Now, I could repeat that scenario with this step to begin a WFPB diet - and in some ways, I have, but the fat/oil thing I am not really sure about.  You could say that avocado and coconut are exotic and 100+ years ago, unless you lived in sub-tropics or tropics, you never would encounter them.  But nuts?  Except the extreme dessert, most people are going to encounter nuts and seeds - and I imagine, eat them as a healthy part of their diet.  So I don't see how this is a Word of Wisdom thing.  It is a Caldwell Esselstyn thing.  And as much as he has helped seriously ill people regain their health, I am not sure he is the end all be all - he is not God, and he may have blinders on.  I said MAY.  And that ambiguity might make me question the whole thing, but I am not going to let it do so.  This diet is working for me.  
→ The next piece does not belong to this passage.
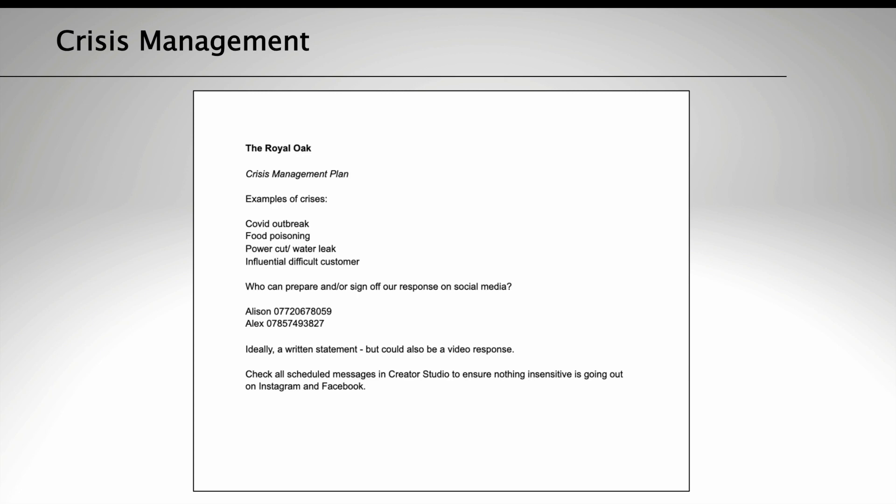Here's a quick example. For the Royal Oak, they have a crisis management plan with a number of different examples of a potential crisis, such as a COVID outbreak, a power cut, water leak, maybe an influential difficult customer, or food poisoning. Who can prepare and/or sign off on the response on social media? That falls down to two people, and here are their mobile numbers.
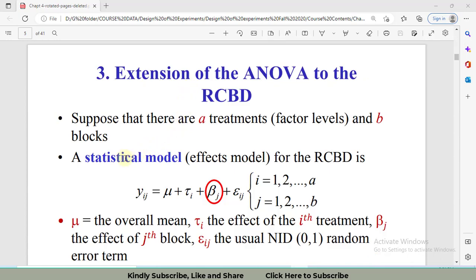The statistical model of the randomized complete block design is: y_ij equals mu, the overall mean, plus tau_i, the treatment effect (the effect of the variable we are interested in), plus beta_j, the blocking or column effect, plus epsilon_ij, the error terms. Here tau_i runs over a treatments and beta_j runs over b blocks. The errors are NID — normally and independently distributed — with mean equal to 0 and variance equal to 1.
I am not going to start eating nuts, but I am not going to militantly advocate that others stop eating nuts.  Nor am I going to feel the need to confess to my bishop that I ate something with nuts in it.  Nuts don't make me sick - some people can't eat them, they have an allergy to them - but I don't.  Now Dr. Esselstyn commented that most people don't just eat a tablespoon of nuts - they eat a whole can of nuts in one sitting.  Or a 1/4 cup of peanut butter - and I get that - 100+ years ago, you had to shell your own nuts to get to the edible part, and that work limited how many you might eat all at one time, whereas today - it is so easy to eat a lot of nuts without even thinking, you can overeat them.
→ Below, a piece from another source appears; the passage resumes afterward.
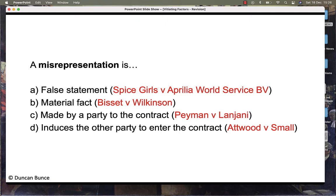A misrepresentation in English law is defined as a false statement, seen in the Spice Girls and Aprilia World Service BV case. It is of material fact, seen in the Bissett and Wilkinson case. It is made by a party to the contract, seen in Pamment and Lanjani. And finally, it induces or encourages the other party to enter the contract, seen in Attwood and Small.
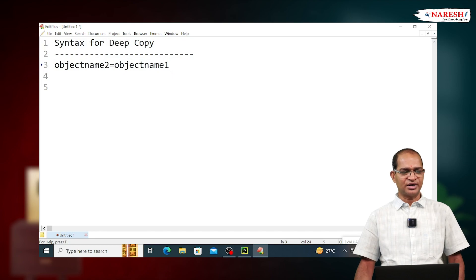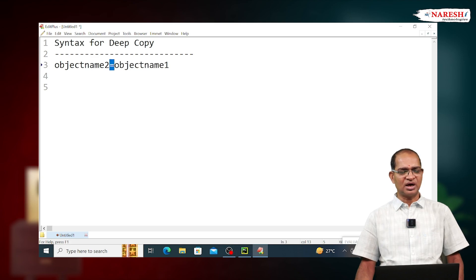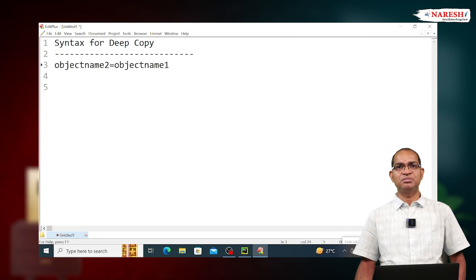To implement this deep copy, we use an assignment operator, that is the equal to sign. The syntax for deep copy is: object_name2 = object_name1. Here, the single equal to is called the assignment operator. We are not using any additional statement or function name — just object_name2 = object_name1. This is the implementation of deep copy.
So if I am served a salad with avocado or nuts, I will just eat them.  But I won't shop for them and add them to my home prepared meals.  This is back to the point I started with - being defensive about my diet.  I don't want to over-react and make a scene every time I go out to eat or to a social event where food is served.  Some things I will refuse, but some I will just accept as a very untypical departure from my WFPB diet.
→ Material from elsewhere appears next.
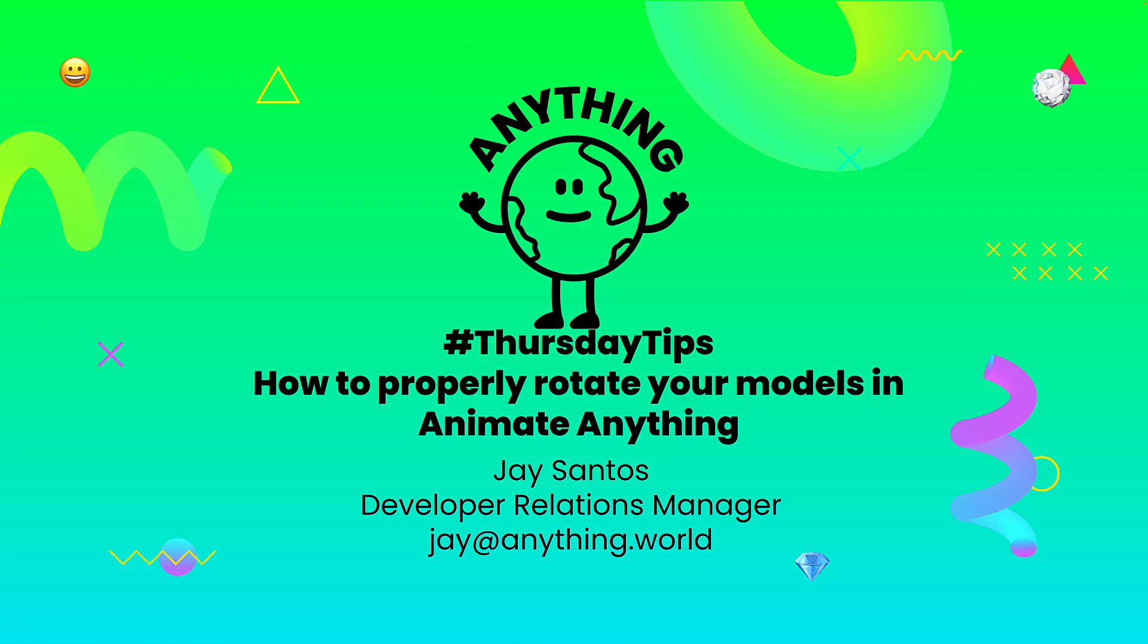Hello and welcome to another Thursday Tips video. My name is Jay Santos, I'm the Developer Relations Manager here at Anything World, and today I'm going to show you how to properly rotate your models in Animate Anything in order to get the best result possible.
The other day I had a business dinner.  There wasn't much to choose from that didn't at least have SOME ingredient that wasn't on my diet.  I avoided the worst offenders and then just quietly ate the broccoli salad with a little sugar and probably mayonnaise, and the pesto dressing on my green salad that surely had oil in it. But when I don't stay on plan, I pay for it.  According to my scales, I've been on a weight-loss plateau for over a week, but my clothes are visibly baggier than even a couple weeks ago.

I started thinking about beets, potatoes, parsnips and carrots!When it is available, I will choose a restaurant with options I can eat, but there aren't many like that.  I usually eat at home.  This is a big change for me.  Used to be that if I got in my car, my mind immediately started calculating where I might grab something yummy while I was out and about.  The other day, I took a much needed drive into the mountains, and I started calculating what I was going to have to eat when I got home!  I started thinking about beets and potatoes and parsnips and carrots! Not the Deli on 4th, or Gourmandise Bakery!

I think over time I'll find a balance I don't have to feel extreme about - not allowing the people in my life undo influence over my choices nor donning boxing gloves and drawing undo attention to myself in social settings at the expense of everyone else's feelings.